`move` `Copy` values

[crlf0710]

Copy values have special copy semantics, when they're moved away, the old place still have valid value alive. A lot of times this is not people want. For example, it's very easy to typo and wrongly use some temporary values after they have been sent away with assignment.

If possible, i'd propose a move expression:

`move` `(` expr `)`

The parenthesis are for avoiding the ambiguity with move closures.

Example:

let a = 42;
x.a = move(a);
double(&mut x.a);
dbg!(a);  // compile error

Alternatives:

• unlet a;
• a.move
• let a = 42 in { ... };

[Diggsey]

For example, it's very easy to typo and wrongly use some temporary values after they have been sent away with assignment.

I've never seen this be a problem, since by definition the old value is still valid? Do you have an example of where this can cause a problem?

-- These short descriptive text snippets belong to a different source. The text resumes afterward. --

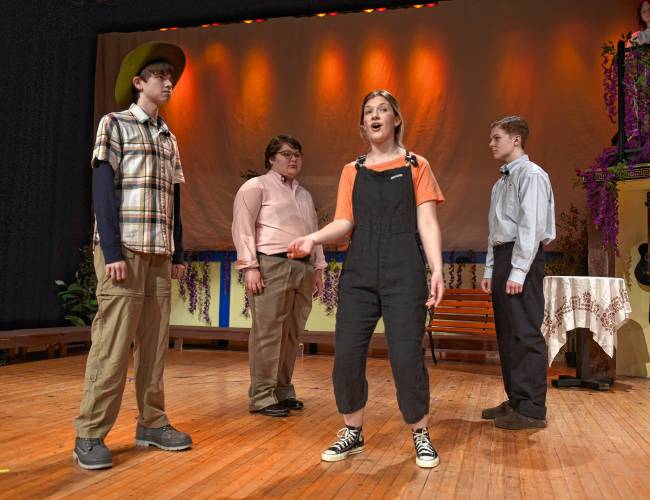 McCavery Burgess as Bill, Leo Vickery as Harry, Patrice Moriarty as Donna and Gus Musante as Sam rehearse for “Mamma Mia!” being put on by the Frontier Regional School theater program. 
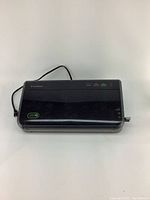 Top view of black FoodSaver vacuum sealer showing power cord and button layout.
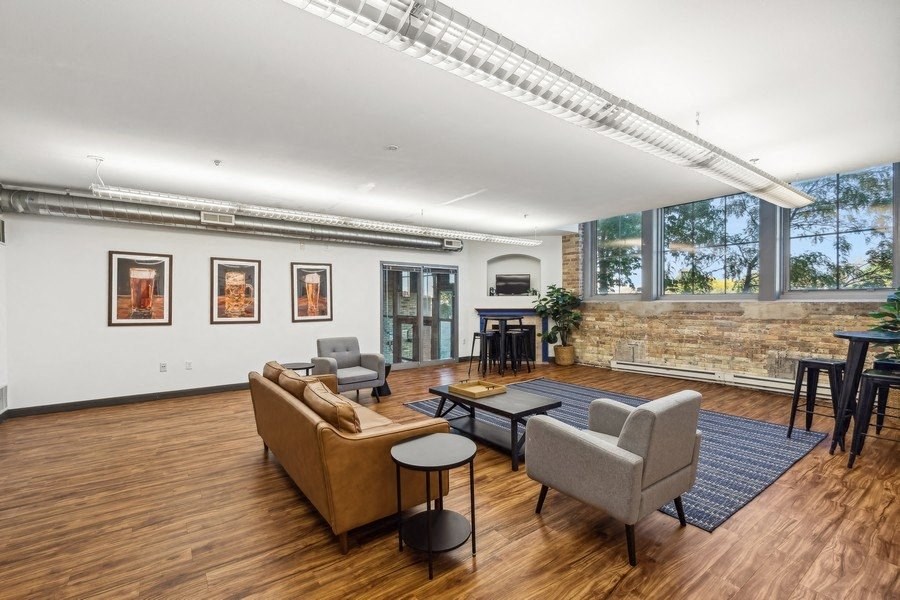 Room with sofa, wood floors, and chairs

Assuming there's an example where this is a problem, why would someone remember to use the "move" modifier, if they forgot not to use the moved value? Typically these problems are solved in the type definition rather than the use-site, since it avoids this problem, but this solution already exists - you can just not implement Copy for types which you want to be moved.

[kennytm]

macro_rules! unlet {
    ($a:ident) => {
        #[allow(unused_variables)]
        let $a: (/* this variable has been disabled in this scope */);
    }
}

let a = 42;
x.a = a;
unlet!(a); // <-- new
double(&mut x.a);
dbg!(a);  // error[E0381]: used binding `a` isn't initialized

or you could just use { … } to impose the normal scoping rule...

{
    let a = 42;
    x.a = a;
} // <-- restrict scope of `a`
double(&mut x.a);
dbg!(a); // error[E0425]: cannot find value `a` in this scope

[crlf0710]

Yes, this unlet macro is good enough.

I'm still a little curious why @Diggsey has never seen this be a problem. When writing algorithms, and there's more than one pointers or indices or something lightweight but copyable. I feel this is so common. Sorry I don't have code to share at the moment though. These types cannot be defined as non-copyable but this invalidation only happens within specific portion of algorithm.

[kennytm]

These types cannot be defined as non-copyable but this invalidation only happens within specific portion of algorithm.

Sorry but this speaks more about the API design of the code than the Rust language. It is trivial to wrap the Copy type in a non-Copy structure such as

#[repr(transparent)]
#[derive(Debug)]
struct NoCopy<T>(T);
impl<T> NoCopy<T> {
    pub fn new(inner: T) -> Self {
        Self(inner)
    }   
    pub fn into_inner(self) -> T {
        self.0
    }
}

    let a = NoCopy::new(42); // <-- wrap the type into NoCopy
    x.a = a.into_inner(); // <-- consume the NoCopy
    double(&mut x.a);
    dbg!(a);  // error[E0382]: use of moved value: `a`

You could further enhance the safety by making the API accept specialized NoCopy-styled wrapper types only, and also making their new() and into_inner() private to the low-level modules.

And even if this RFC is implemented, as @Diggsey said in the 2nd paragraph of their comment, if you forget to annotate a move(a) the compiler will never be able to notice because copying is still valid, so this RFC offered no safety guard against misuse. Meanwhile if the variable a itself is declared NoCopy<i32> instead (i.e. "solved in the type definition rather than the use-site"), Rust can easily statically prevent double-use.